§ **Work order**
Of the entries below, return exactly those lines that fall between the one containing "Islænder Röskva fra" and the one containing "Paedomorphic, mid-metamorphosis, and", the two end lines included.

§ **Extracted material**
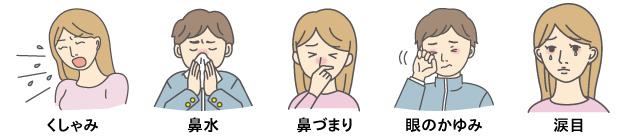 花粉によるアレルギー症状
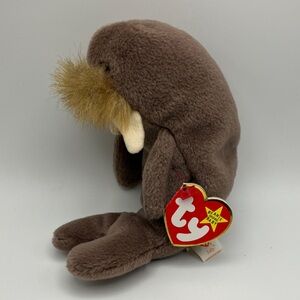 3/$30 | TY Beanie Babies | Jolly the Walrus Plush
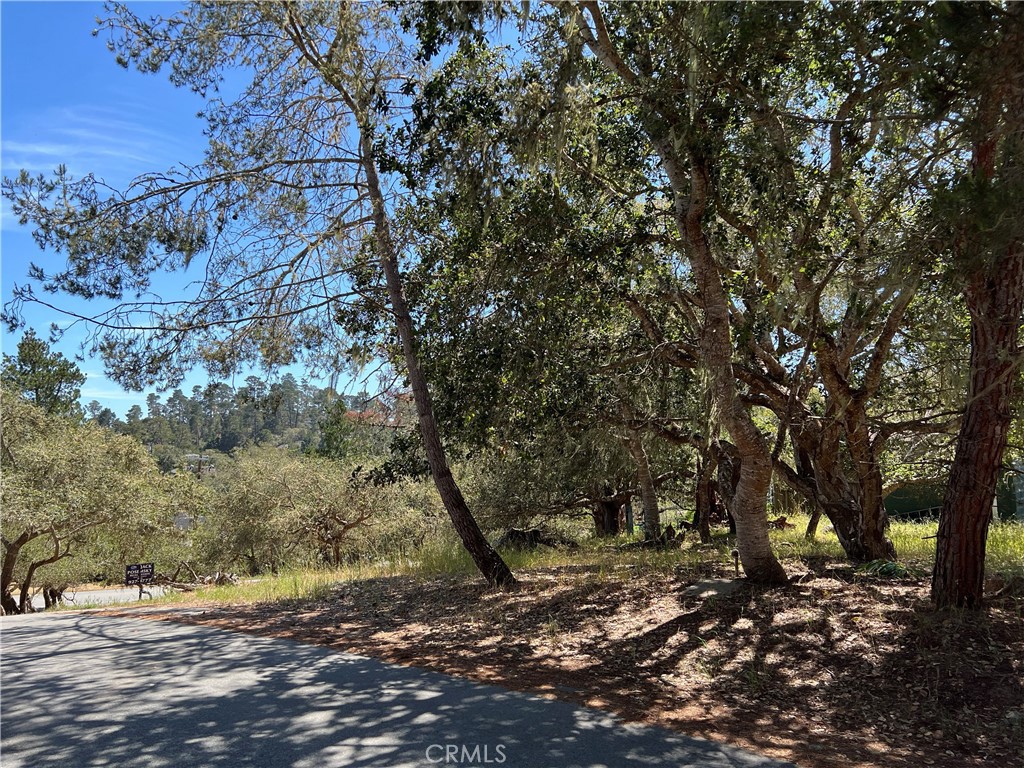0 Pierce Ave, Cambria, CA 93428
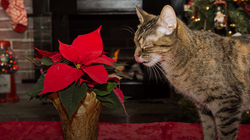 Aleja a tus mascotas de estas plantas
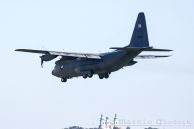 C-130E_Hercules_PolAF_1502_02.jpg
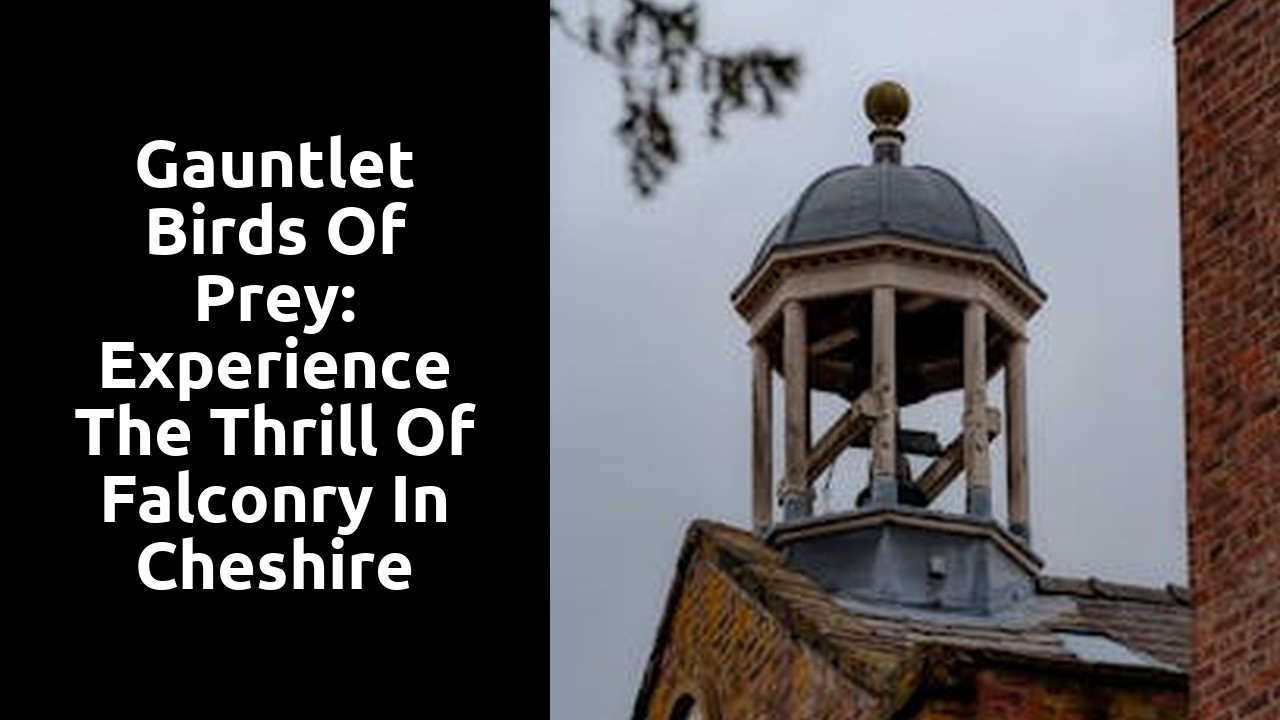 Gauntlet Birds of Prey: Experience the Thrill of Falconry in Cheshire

...

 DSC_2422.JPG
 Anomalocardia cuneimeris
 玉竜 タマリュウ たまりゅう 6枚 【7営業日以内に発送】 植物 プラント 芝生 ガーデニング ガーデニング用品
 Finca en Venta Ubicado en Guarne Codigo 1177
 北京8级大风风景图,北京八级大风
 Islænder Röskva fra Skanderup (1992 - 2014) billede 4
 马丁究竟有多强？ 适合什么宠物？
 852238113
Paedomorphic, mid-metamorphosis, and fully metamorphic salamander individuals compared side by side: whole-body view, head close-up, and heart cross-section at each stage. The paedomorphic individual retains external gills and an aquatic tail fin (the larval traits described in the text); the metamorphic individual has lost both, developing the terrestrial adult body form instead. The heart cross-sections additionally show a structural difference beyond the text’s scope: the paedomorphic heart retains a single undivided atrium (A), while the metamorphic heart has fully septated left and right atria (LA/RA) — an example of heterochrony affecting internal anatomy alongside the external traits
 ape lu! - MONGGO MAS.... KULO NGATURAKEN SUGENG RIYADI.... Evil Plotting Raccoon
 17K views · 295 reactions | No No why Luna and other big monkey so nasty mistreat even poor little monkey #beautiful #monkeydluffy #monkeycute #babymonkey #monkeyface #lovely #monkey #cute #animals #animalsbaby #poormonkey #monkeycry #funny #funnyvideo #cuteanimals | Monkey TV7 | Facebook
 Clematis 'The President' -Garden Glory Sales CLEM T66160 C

§ **Response**
 Islænder Röskva fra Skanderup (1992 - 2014) billede 4
 马丁究竟有多强？ 适合什么宠物？
 852238113
Paedomorphic, mid-metamorphosis, and fully metamorphic salamander individuals compared side by side: whole-body view, head close-up, and heart cross-section at each stage. The paedomorphic individual retains external gills and an aquatic tail fin (the larval traits described in the text); the metamorphic individual has lost both, developing the terrestrial adult body form instead. The heart cross-sections additionally show a structural difference beyond the text’s scope: the paedomorphic heart retains a single undivided atrium (A), while the metamorphic heart has fully septated left and right atria (LA/RA) — an example of heterochrony affecting internal anatomy alongside the external traits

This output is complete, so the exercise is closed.